Of course, beautiful graphics aren’t enough. They’re a requirement, but you also need to include:

  • In-depth research and accurate findings
  • Compelling examples
  • Tight copy — don’t ruin a great infographic by turning it into a novel

In 12 Infographic Tips to Rock Your Content Marketing Strategy, Sharon Hurley Hall gives some great examples of this evergreen content.

Here’s one of my favorites from Quicksprout:

Visually appealing? Check.

Helpful information? Check.

Organized and easy to read? Double-check.

5. Give Step-by-Step Instructions with How-to Guides

When you’re trying to learn a new skill, what do you type into Google?

It depends on the topic, but I’d bet the phrase begins with, “How to…”

This is why how-to guides are such popular forms of evergreen content. Sure, they’re great for SEO, but they also get to the meat of the matter: people want to learn how to do something.

Give this to your market and you’ll always have traffic.

In “How to Lose Weight Without Really Trying, The Whoot put together a massive how-to guide that delivers on its promise from several angles.


Since it was published, the post received a whopping 218.2k shares.

Another hugely successful how-to article on the same topic was done by Avocadu:


More than 100.4k people shared this piece.

Notice, too, that both of these posts focused on specific needs.

Some people don’t have the time or energy to really attack weight-loss right off the bat. That’s whom the first example is designed to help.

People who are more than 200 pounds overweight need to be careful about how they try to lose those extra pounds. For them, that second piece is going to be perfect.

It’s easy to get too general with how-to guides. Just remember that when you try to appeal to everyone, you usually end up appealing to no one.

Also, don’t make the mistake of thinking these guides are only for beginners. You can make how-to guides for every level of reader, which will definitely help with specificity.

6. Publish a Book and Become an Overnight Expert

This one is near and dear to my heart.

When I started in content marketing, I was a college dropout with no degree. I knew I needed something to both draw attention and legitimatize myself to the market.

Although it was an intense undertaking, my book took me from “who?” to “her.”

Once I became a bestselling author on Amazon, people not only sought me out, they were far more willing to listen to me and accept my authority on the topic.
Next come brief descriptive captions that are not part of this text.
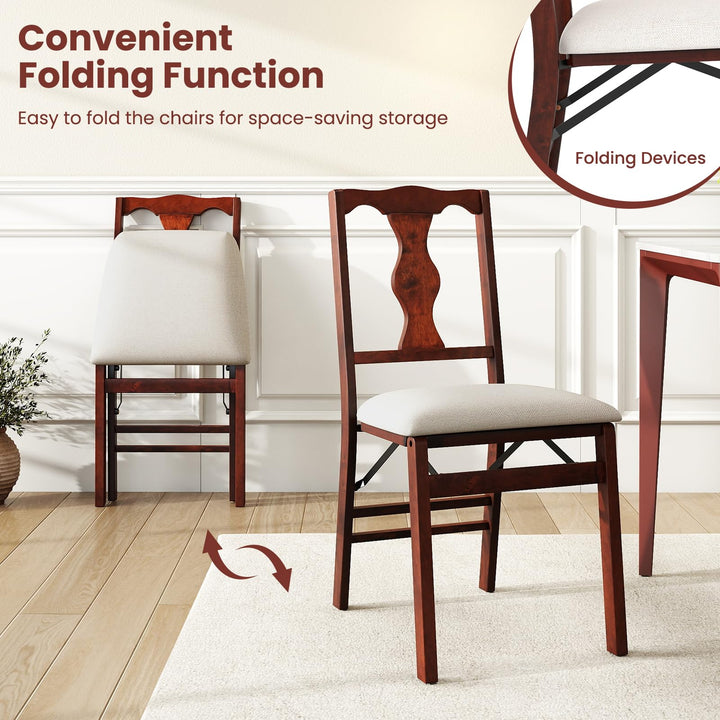 Giantex Folding Dining Chairs Set of 2/4 Upholstered Dining Chairs with Comfy Padded Seats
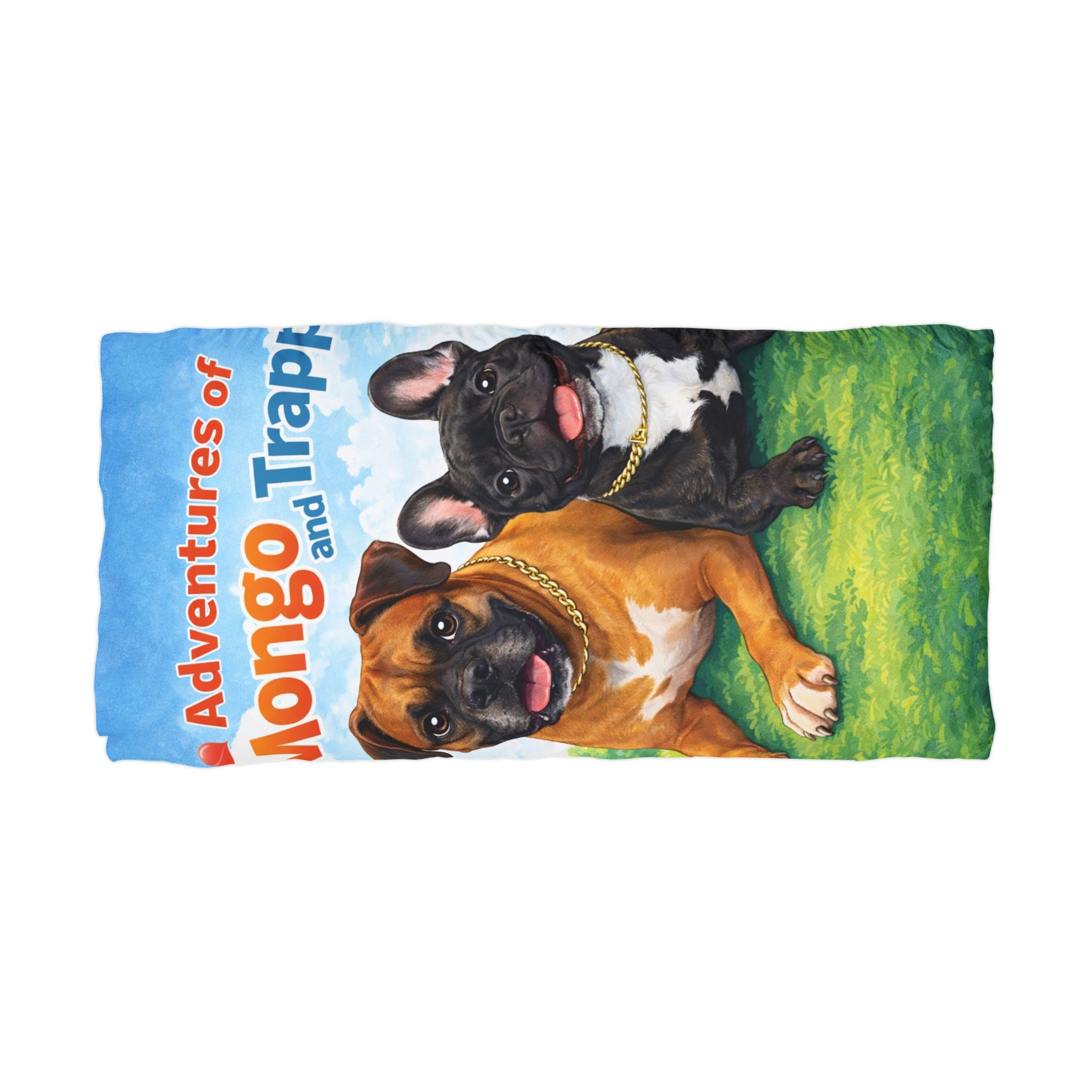 Microfiber Pillowcase — “Adventures of Mongo and Trappy” Cute Dog Illustration Pillowcase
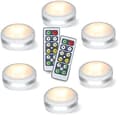 LED Puck Lampor – Batteridrivna med Fjärrkontroll (6-Pack)[BT] white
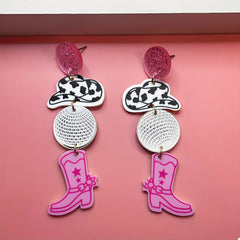 Cowgirl Boots Dangle Earrings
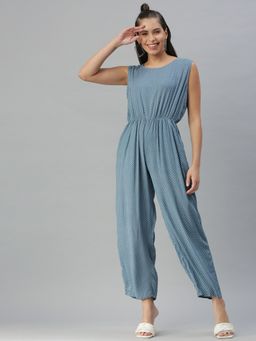 SHOWOFFFF - Women Round Neck Blue Printed Jumpsuit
Find an important topic you can cover in a book and Amazon could become your new #1 source of referrals for years to come.

7. Podcasts Can Be Evergreen in Two Different Mediums

Podcasts are exploding in popularity.

What most people don’t realize, though, is that they can give you evergreen content in two areas.

There’s the audio side of a podcast, of course.

However, you can also make show notes and transcripts for your episodes, which then have the potential to get your show ranked, too.

The longer the episode, the longer the transcript and more opportunities you have to include helpful links and longtail keywords.

As with publishing a book, your podcast can turn you into an authority, too. Popularity usually breeds legitimacy.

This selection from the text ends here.